*Activity*. Beginning with the line containing "Витебский хлеб (по" and ending at the last line of the records, transcribe each line exactly. Do not include pictures.

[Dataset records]
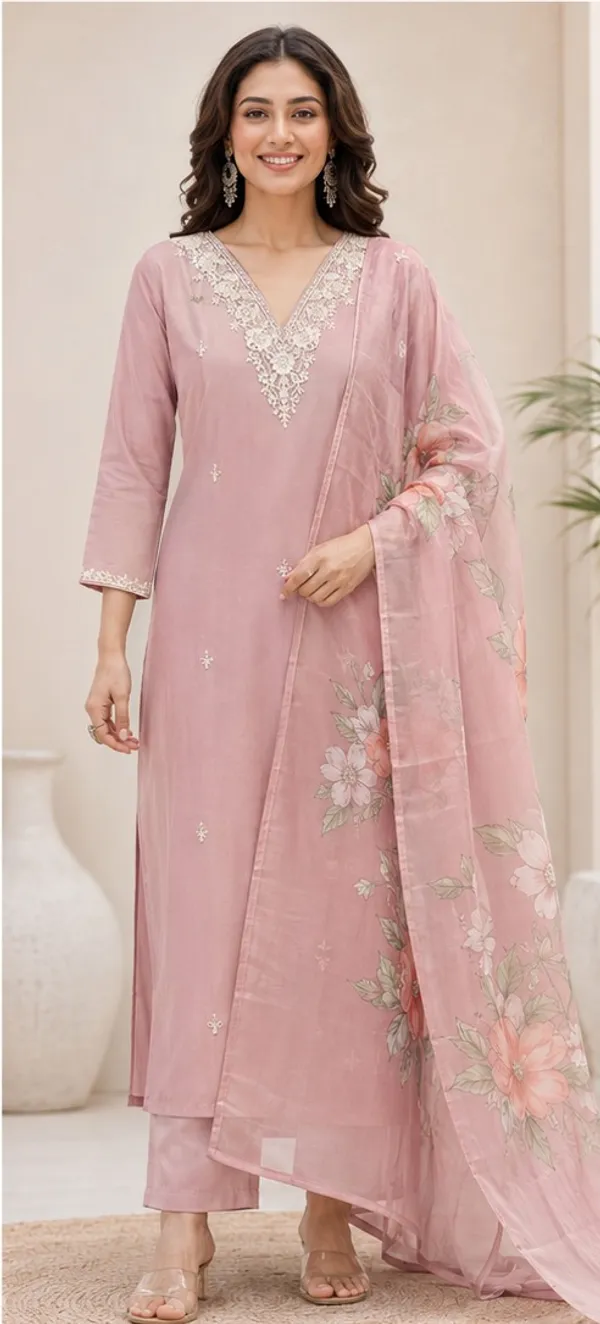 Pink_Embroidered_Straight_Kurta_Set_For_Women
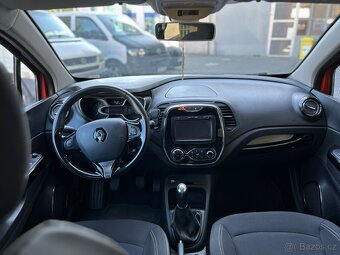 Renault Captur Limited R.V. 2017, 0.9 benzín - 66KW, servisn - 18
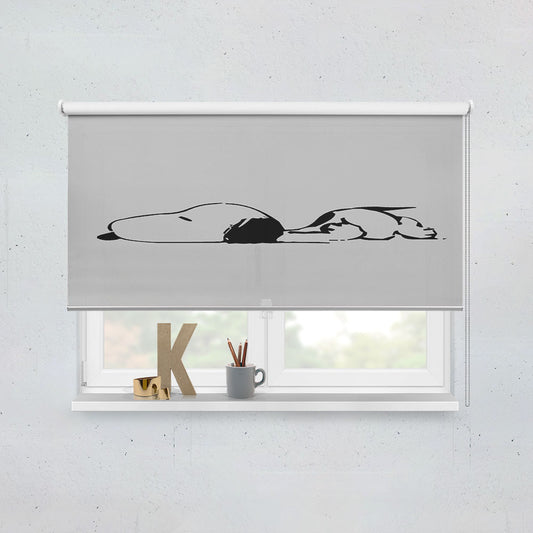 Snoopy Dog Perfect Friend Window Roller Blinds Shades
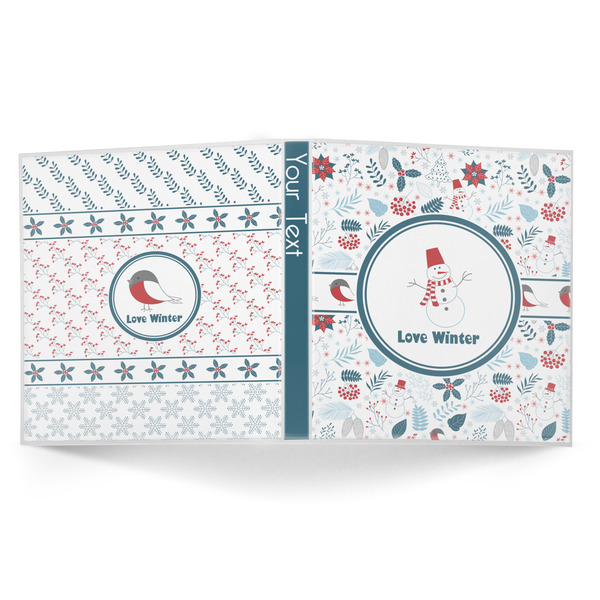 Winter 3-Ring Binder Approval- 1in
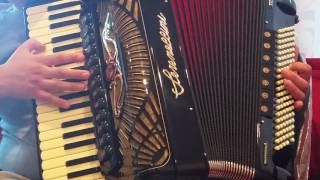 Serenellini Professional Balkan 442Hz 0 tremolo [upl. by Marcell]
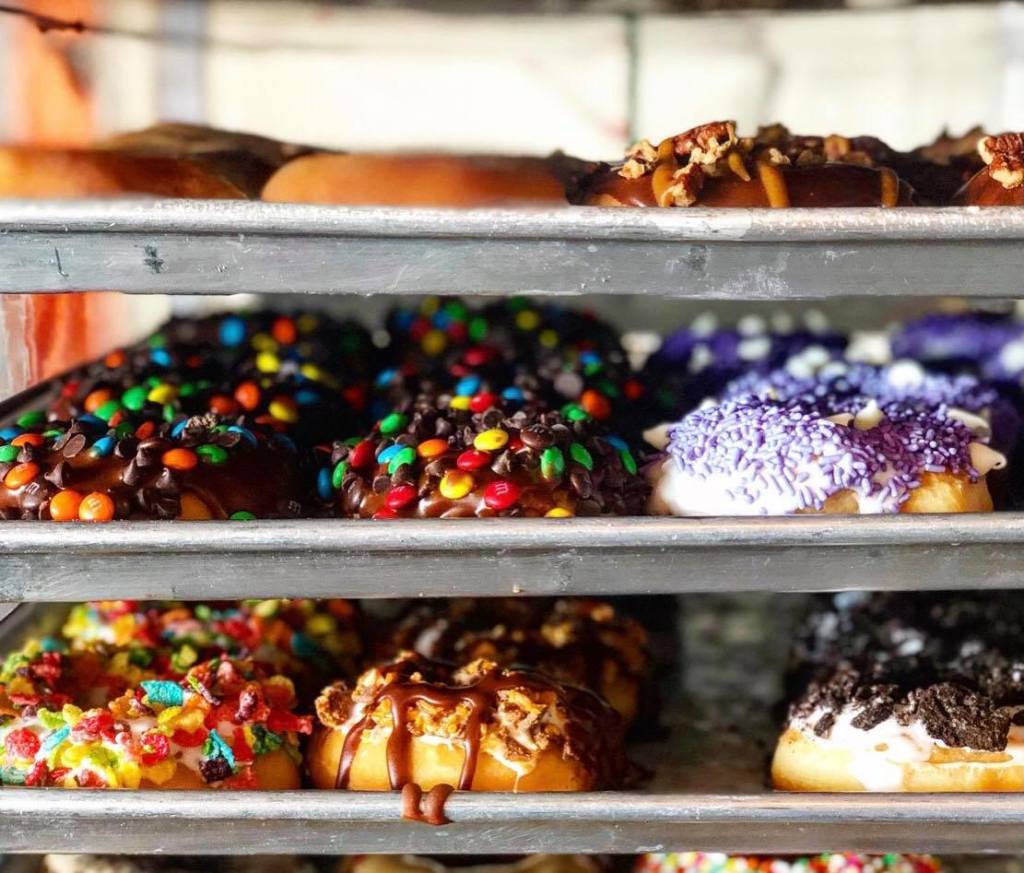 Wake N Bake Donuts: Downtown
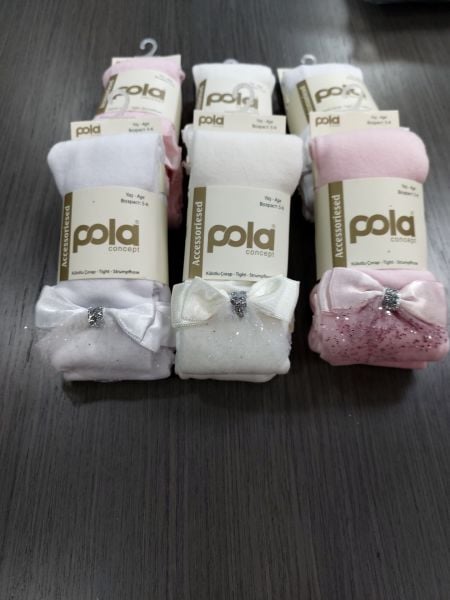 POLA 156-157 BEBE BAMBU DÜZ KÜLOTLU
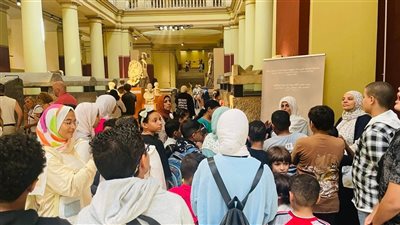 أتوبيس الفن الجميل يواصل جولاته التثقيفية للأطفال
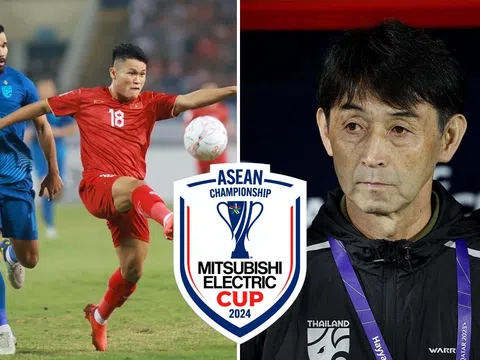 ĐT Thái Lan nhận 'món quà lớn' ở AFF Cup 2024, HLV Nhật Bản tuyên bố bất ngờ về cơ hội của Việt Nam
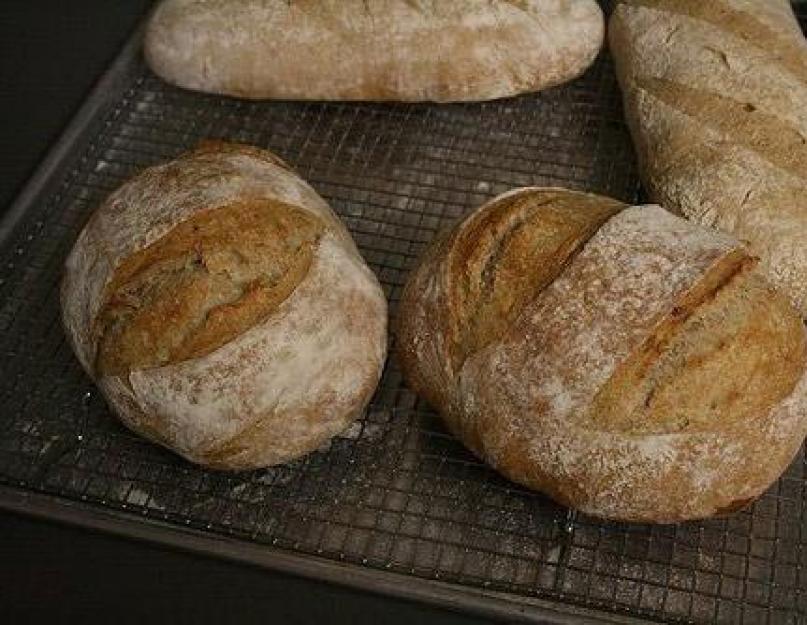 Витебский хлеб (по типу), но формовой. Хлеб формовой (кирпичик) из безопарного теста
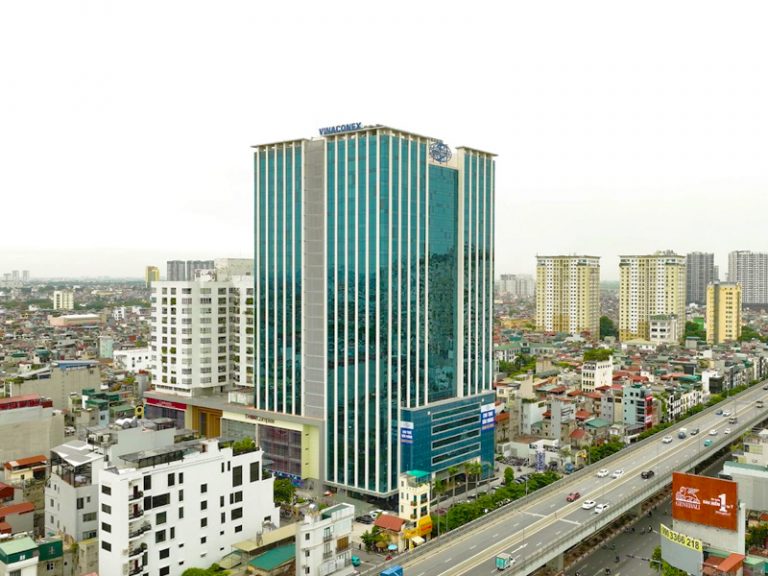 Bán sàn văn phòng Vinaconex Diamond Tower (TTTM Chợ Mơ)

*Answer below*.
 Витебский хлеб (по типу), но формовой. Хлеб формовой (кирпичик) из безопарного теста
 Bán sàn văn phòng Vinaconex Diamond Tower (TTTM Chợ Mơ)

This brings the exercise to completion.